Jawabannya sederhana : Ekonomi dan Politik
Ekonomi
Kondisi Ekonomi Eropa bisa dikatakan stagnan. Bila Indonesia dikatakan tumbuh biasa-biasa saja (di angka 5,8 %), maka Uni Eropa (di angka 1 %) terjemahkan saja sendiri. Di Spanyol, angka pengangguran mencapai 25 %, dengan angka pengangguran muda (dibawah 30 tahun) mencapai 45 %, belum termasuk yang setengah menganggur atau pengangguran terselubung (pekerjaan tidak sesuai dengan kemampuan atau bekerja di bawah tingkat pendidikan). Di Perancis sendiri pengangguran mencapai 10,5 % dengan pengangguran muda di level 24,4 %. Disinilah problem mulai muncul, dengan kondisi perekonomian yang pas-pasan serta pertumbuhan ekonomi yang kecil, maka tensi rakyat akan menjadi tinggi. Tambahkan ke dalam kondisi yang sudah volatil ini imigran dari Negara bekas jajahan Perancis di Afrika yang bersedia menerima upah lebih rendah, dan voila! , resep untuk benturan pun tercipta.
Kondisi yang mirip pernah terjadi pada masa depresi besar di akhir 1920an dan 1930an awal. Dan memang benturan tidak terelakkan, dimana pada masa itu yang berbenturan akhirnya adalah Fasisme, komunisme dan Kapitalisme. Jadi sesungguhnya bila sekarang terjadi benturan juga yaa tidak mengherankan.
Politik
Marine Le Pen dengan partai Front National, UKIP dengan Nigel Faraage, keduanya adalah contoh bagaimana suatu partai politik dengan agenda anti-immigran dan anti uni eropa, bisa mulai bersaing di level nasional dan tingkat Eropa. Keduanya disokong oleh kondisi ekonomi yang semakin berat, dan rasa ketidakberdayaan masyarakat untuk terus menyokong pemerintah yang sekarang. Tingkat partisipasi rakyat yang terus melorot dalam pemilu semakin mempertegas delegitimasi pemerintah.

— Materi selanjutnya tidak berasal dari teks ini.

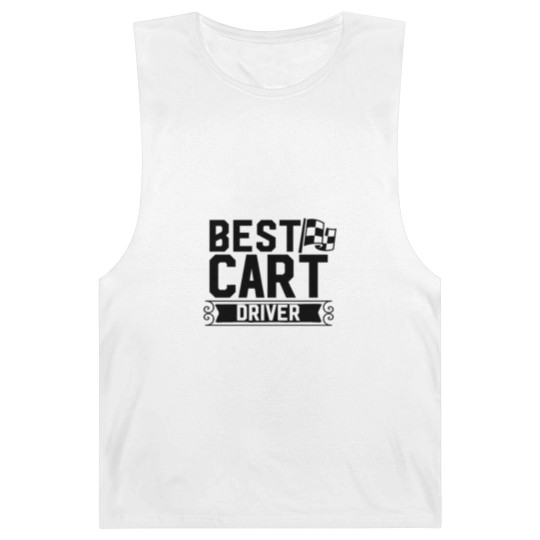 Discover Carts Barnard Tanks, Carts Barnard Tanks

Lalu, apa hubungannya dengan reaksi pemerintah Eropa?
Simpel sekali, Pemerintah di Eropa ingin sekali mencari satu hal yang bisa mengalihkan perhatian masyarakat dari kondisi carut marut mereka, dan muncullah beberapa orang fanatik yang menurut hemat saya, hanya sukses membunuh diri mereka sendiri dan menyiram bensin ke api yang sudah berkobar. Disinilah para pemerintah Negara-negara eropa memanfaatkan kesempatan ini untuk bersinar dan bertindak (pemerintah mana yang tidak ingin memanfaatkan momen ini ?) untuk menunjukkan bahwa semua baik-baik saja, pemerintah berfungsi dengan baik. Para politisi pun berduyun-duyun mengadvokasikan kebebasan berbicara dan dukungan terhadap pers.
Beberapa kantor berita seperti BBC, CNN, dan TIMES mengambil sikap yang lebih netral, bahkan dengan menganalogikan Frase Kebebasan berbicara yang dilakukan oleh Charlie Hebdo seperti berteriak 'Kebakaran !' di dalam sebuah Teater yang sudah penuh sesak dengan pengunjung.
Kita hanya bisa berharap bahwa rakyat Eropa, Eropa Barat khususnya, tidak terseret oleh gelombang anti- islam, anti-imigran terlalu jauh, karena bila ini terjadi, semakin sulitlah untuk Uni Eropa mewujudkan suatu masyarakat yang inklusif. Seperti yang diucapkan oleh Presiden Obama ketika berkunjung ke Inggris kemarin, " kita tidak bisa melawan fanatisme dan pandangan sempit hanya dengan pendekatan keamanan dan intelijen, melainkan dengan pemahaman bagi anak-anak muda kita". Sebagai seseorang yang pernah tinggal di beberapa penjuru dunia, Presiden Obama paham.